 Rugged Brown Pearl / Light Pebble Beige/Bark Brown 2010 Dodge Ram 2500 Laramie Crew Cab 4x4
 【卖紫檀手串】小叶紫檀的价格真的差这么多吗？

= = =

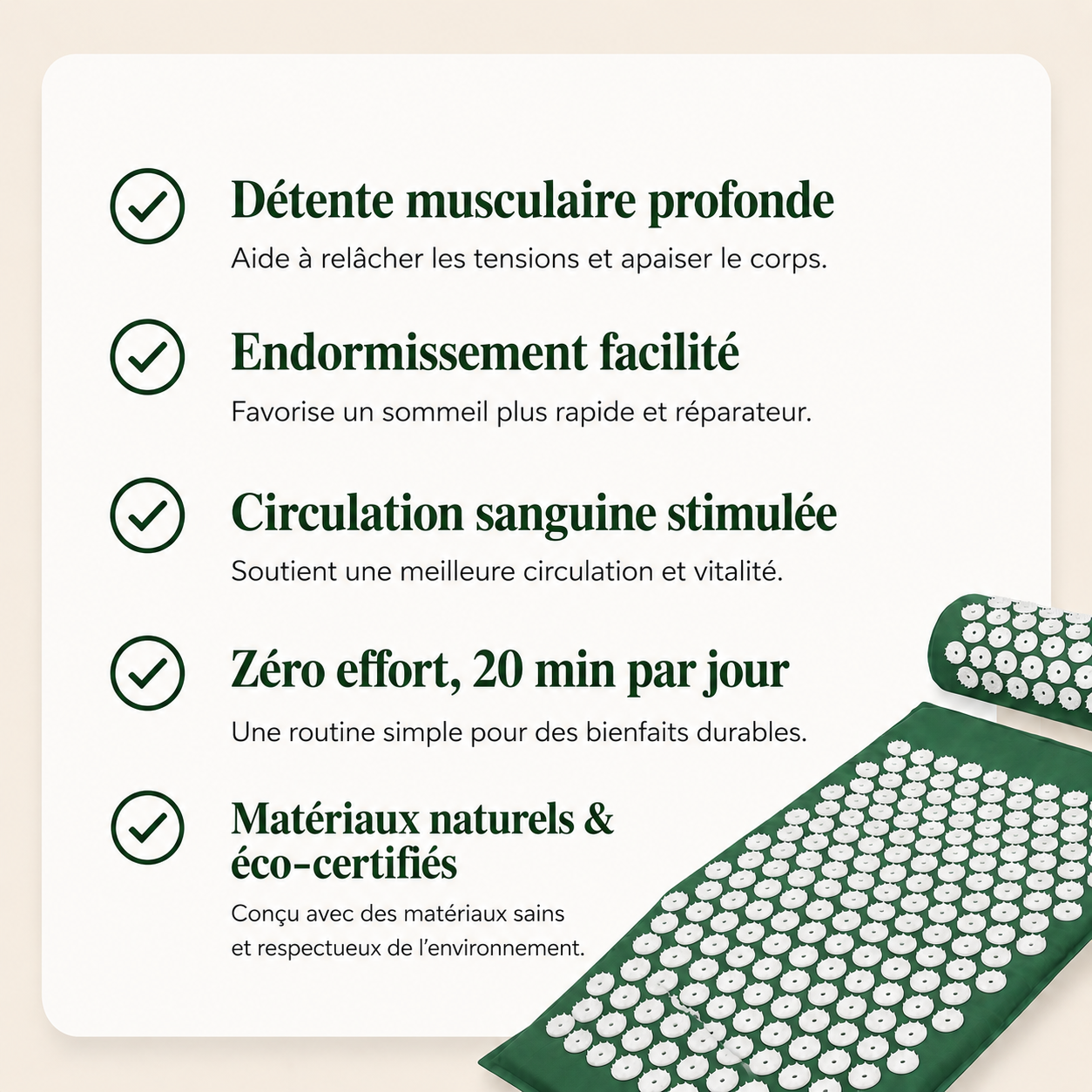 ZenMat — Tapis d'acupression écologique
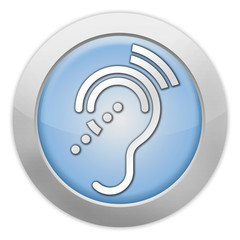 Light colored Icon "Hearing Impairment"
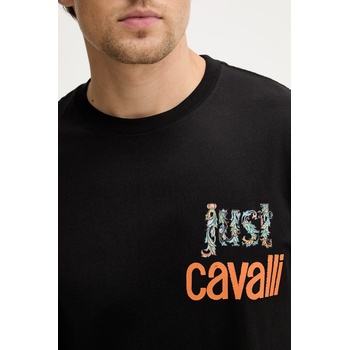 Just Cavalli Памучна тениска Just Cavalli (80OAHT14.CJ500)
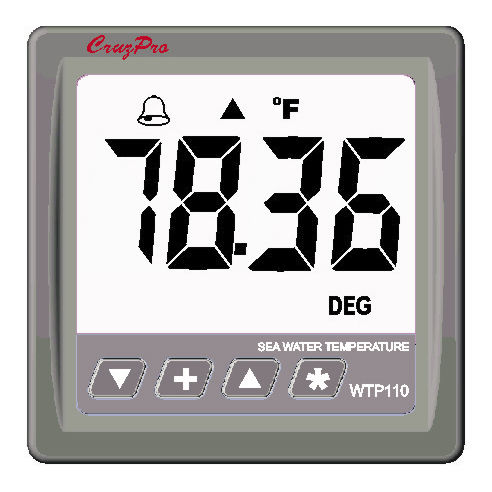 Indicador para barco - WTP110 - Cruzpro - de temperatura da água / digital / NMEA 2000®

= = =

▶ _Task prompt_: Reproduce the records above exactly, but only from the line with "Light colored Icon" up to and including the line with "Indicador para barco". Leave the pictures out.

▶ _Response to the task_:
 Light colored Icon "Hearing Impairment"
 Just Cavalli Памучна тениска Just Cavalli (80OAHT14.CJ500)
 Indicador para barco - WTP110 - Cruzpro - de temperatura da água / digital / NMEA 2000®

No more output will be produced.